Kantorowicz, exiled in France since 1933, joined the battalion in 1937.
The images focused on the Chapaiev Battalion on the Córdoba front near the mining town of Peñarroya where it was engaged in battle from April-July 1937. Other pictures portray the battalion from its foundation in November 1936 to the Brunete offensive of July 1937. Alfred Kantorowicz, a German Jewish writer and member of the German communist Party, exiled in France since 1933, joined the battalion in 1937 assuming a position as information officer. After Brunete, he edited a book titled Chapaiev with narratives by his comrades-in-arms. This book contains photographs taken by the combatants that show their day-to-day life. Recently a large number of additional pictures taken by Chapaiev combatants were discovered in the Kantorowicz estate in Hamburg shown now for the first time.
Recently a large number of pictures taken by Chapaiev combatants were discovered in the Kantorowicz estate.
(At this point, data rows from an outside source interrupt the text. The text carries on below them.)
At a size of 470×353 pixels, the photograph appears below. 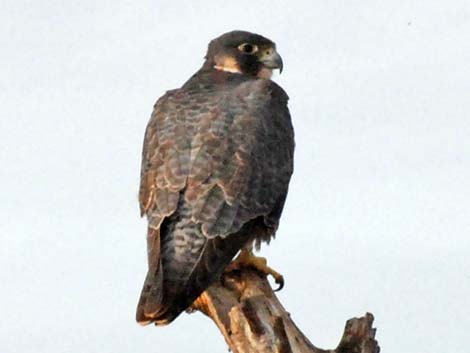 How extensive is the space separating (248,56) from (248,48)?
87 mm

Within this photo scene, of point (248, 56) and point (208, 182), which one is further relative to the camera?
point (248, 56)

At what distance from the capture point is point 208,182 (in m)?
12.7

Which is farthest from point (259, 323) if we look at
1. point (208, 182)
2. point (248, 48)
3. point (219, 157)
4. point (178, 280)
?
point (248, 48)

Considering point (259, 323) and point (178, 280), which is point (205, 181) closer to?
point (178, 280)

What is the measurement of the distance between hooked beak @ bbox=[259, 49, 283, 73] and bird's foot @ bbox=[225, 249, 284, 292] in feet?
8.22

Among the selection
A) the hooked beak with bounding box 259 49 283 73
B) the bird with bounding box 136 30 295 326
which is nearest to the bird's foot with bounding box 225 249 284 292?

Gerda Taro, a young Jewish exile from Leipzig, Germany, who like Kantorowicz was exiled in Paris since 1933, arrived with her partner Robert Capa at the end of June 1937 to shoot fascinating photos that were published in the international press. Taro took dozens of photos showing the front life of the battalion. Taro’s pictures also show the life of the civilian population near the frontline and the relation between them and the combatants, who helped the peasants harvesting wheat, one of her favorite subjects during the war. The negatives of this photos were discovered only recently in the famous “Mexican Suitcase” that is now located at the International Center of Photography in New York. The exhibition also shows pictures by Taro at Brunete, which were her very last ones. She died tragically as a result of an accident during the retreat of the Republican troops in late July 1937.